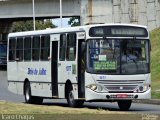 Transportes Dois de Julho 1077 na cidade de Salvador, Bahia, Brasil, por Ícaro Chagas. Número da foto: #:id.
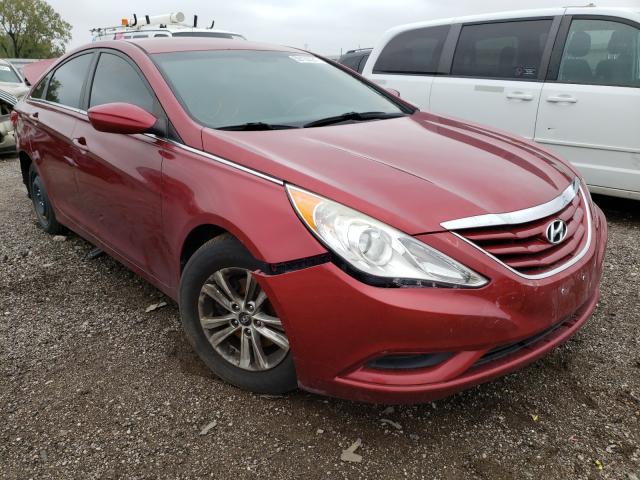 HYUNDAI SONATA GLS 2013 5npeb4ac1dh764433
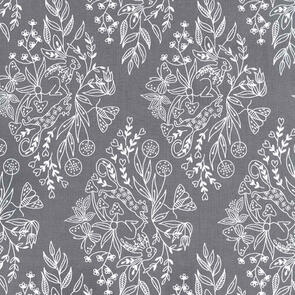 Michael Miller Nature Walk /Tamara Kate Stone Hop, Skip & Jump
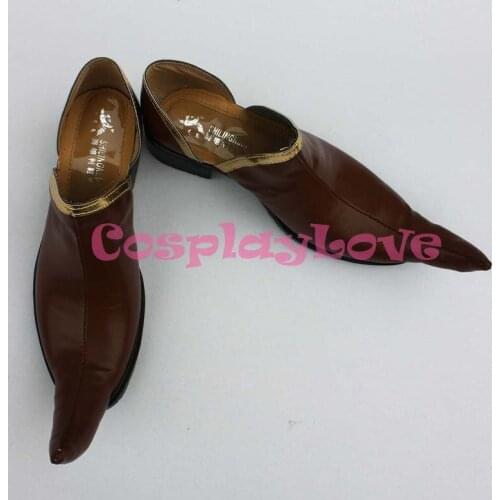Tsubasa Reservoir Chronicle Sakura Cosplay Shoes Boots Custom Made For Halloween Christmas Festival CosplayLove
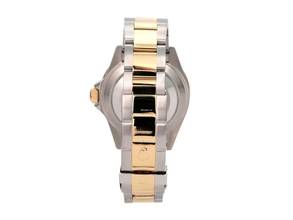 Thumbnail von Rolex Submariner Date 16613 Edelstahl / Gold Blau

--*--

• WORK REQUEST:
Here the records must be restated exactly, minus any images.

• RESPONSE TO THE TASK:
 Transportes Dois de Julho 1077 na cidade de Salvador, Bahia, Brasil, por Ícaro Chagas. Número da foto: #:id.
 HYUNDAI SONATA GLS 2013 5npeb4ac1dh764433
 Michael Miller Nature Walk /Tamara Kate Stone Hop, Skip & Jump
Tsubasa Reservoir Chronicle Sakura Cosplay Shoes Boots Custom Made For Halloween Christmas Festival CosplayLove
 Thumbnail von Rolex Submariner Date 16613 Edelstahl / Gold Blau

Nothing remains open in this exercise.